*** Opening of SOURCE INFORMATION ***

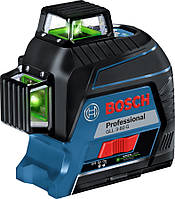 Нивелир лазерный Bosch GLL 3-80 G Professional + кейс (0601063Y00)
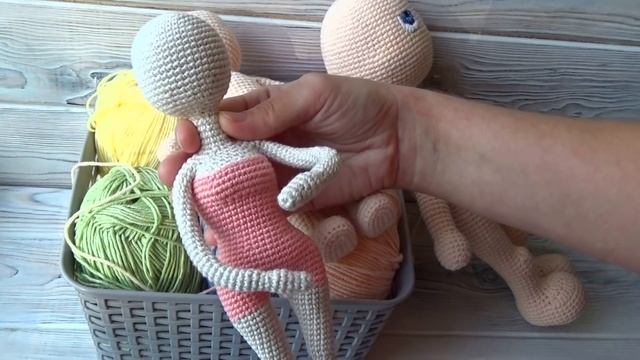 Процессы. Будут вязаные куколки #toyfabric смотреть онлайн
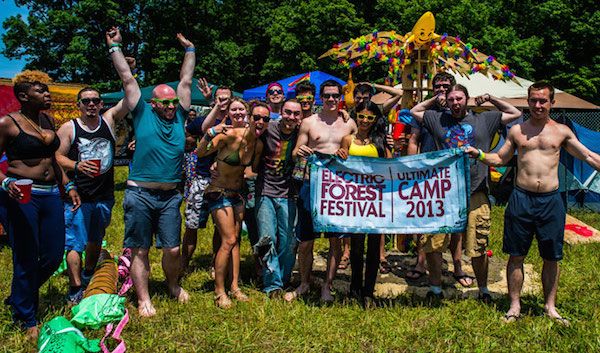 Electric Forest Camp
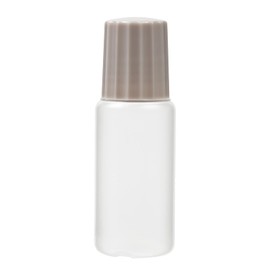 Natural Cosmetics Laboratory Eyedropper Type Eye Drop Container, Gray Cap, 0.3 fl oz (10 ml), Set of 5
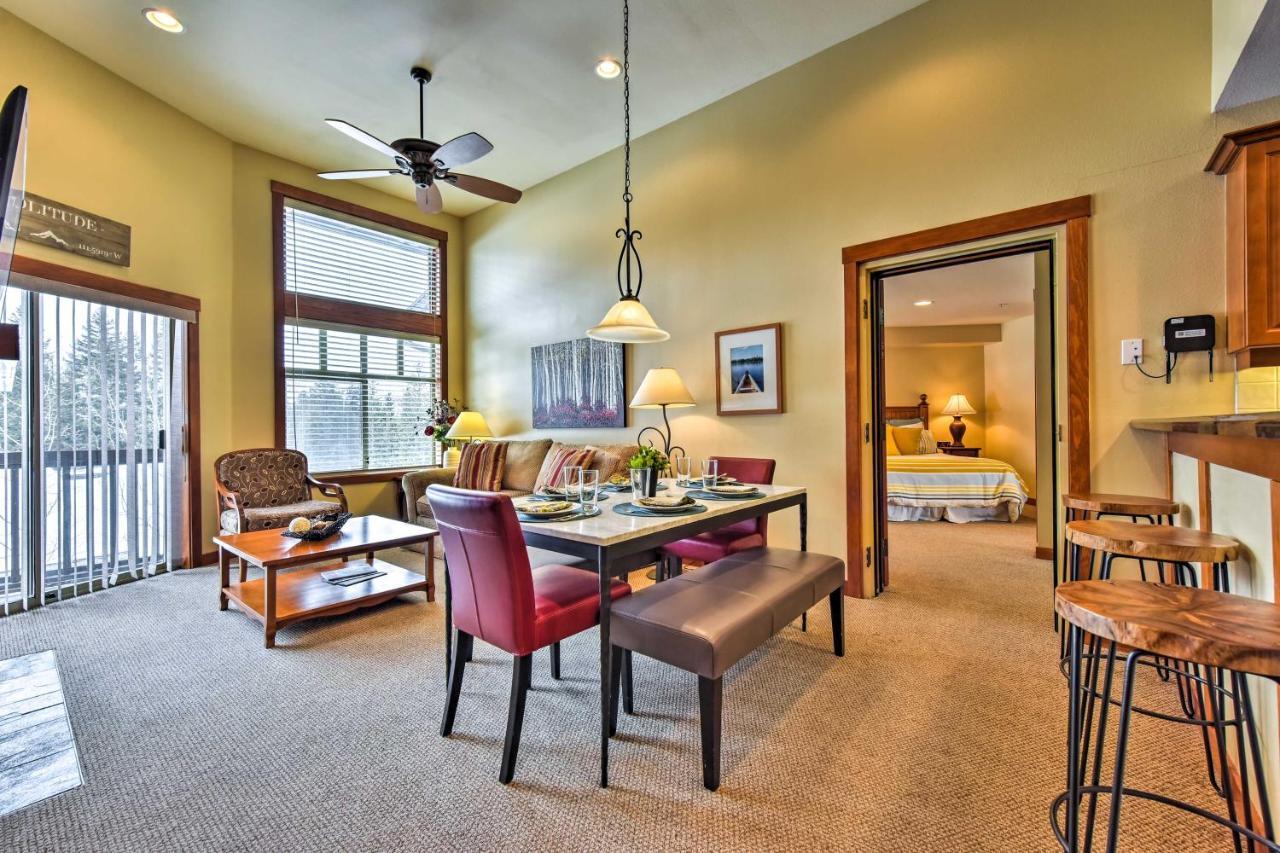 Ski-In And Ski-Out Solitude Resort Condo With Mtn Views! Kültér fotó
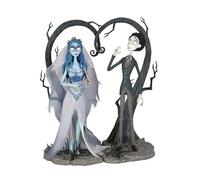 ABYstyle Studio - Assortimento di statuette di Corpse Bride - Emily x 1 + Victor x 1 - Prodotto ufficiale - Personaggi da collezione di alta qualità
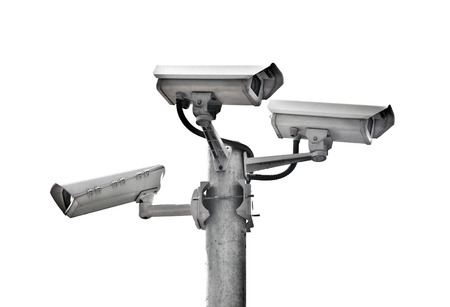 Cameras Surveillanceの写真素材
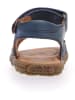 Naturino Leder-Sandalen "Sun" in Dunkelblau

*** Close of SOURCE INFORMATION ***
*** Opening of SOURCE INFORMATION ***

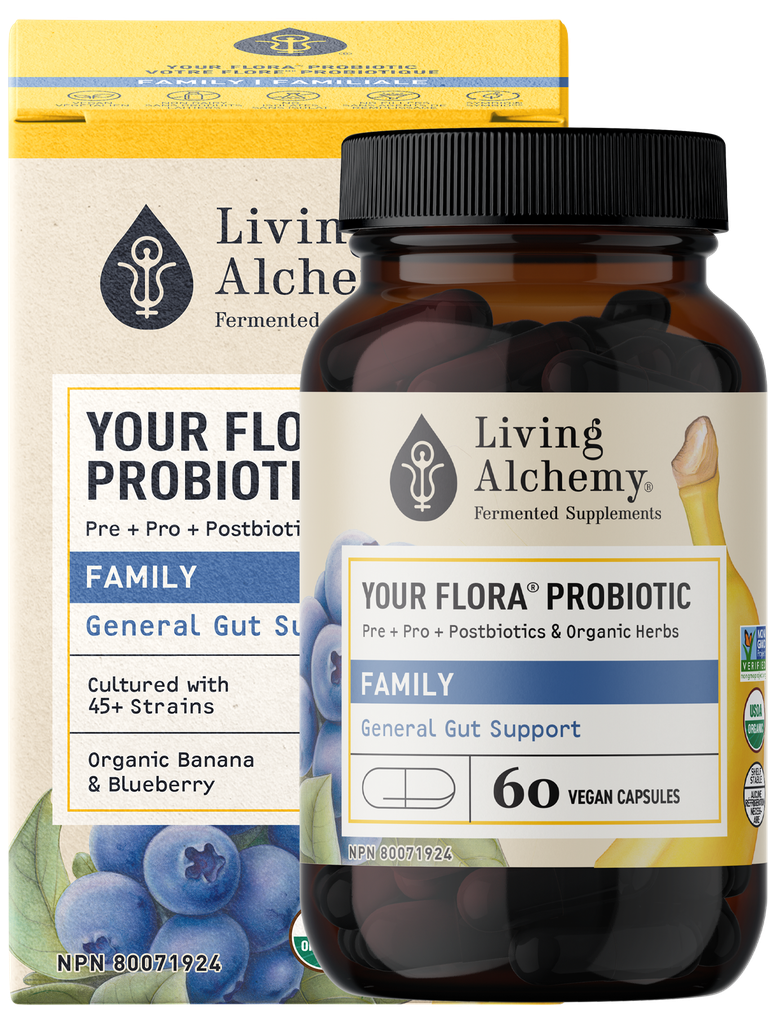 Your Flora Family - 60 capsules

*** Close of SOURCE INFORMATION ***

**WORK TO COMPLETE:**
From the material above, reproduce only what runs from the line holding "Нивелир лазерный Bosch" down to the line holding "ABYstyle Studio - Assortimento", both included, pictures excluded.

**WRITTEN ANSWER:**
 Нивелир лазерный Bosch GLL 3-80 G Professional + кейс (0601063Y00)
 Процессы. Будут вязаные куколки #toyfabric смотреть онлайн
 Electric Forest Camp
 Natural Cosmetics Laboratory Eyedropper Type Eye Drop Container, Gray Cap, 0.3 fl oz (10 ml), Set of 5
 Ski-In And Ski-Out Solitude Resort Condo With Mtn Views! Kültér fotó
 ABYstyle Studio - Assortimento di statuette di Corpse Bride - Emily x 1 + Victor x 1 - Prodotto ufficiale - Personaggi da collezione di alta qualità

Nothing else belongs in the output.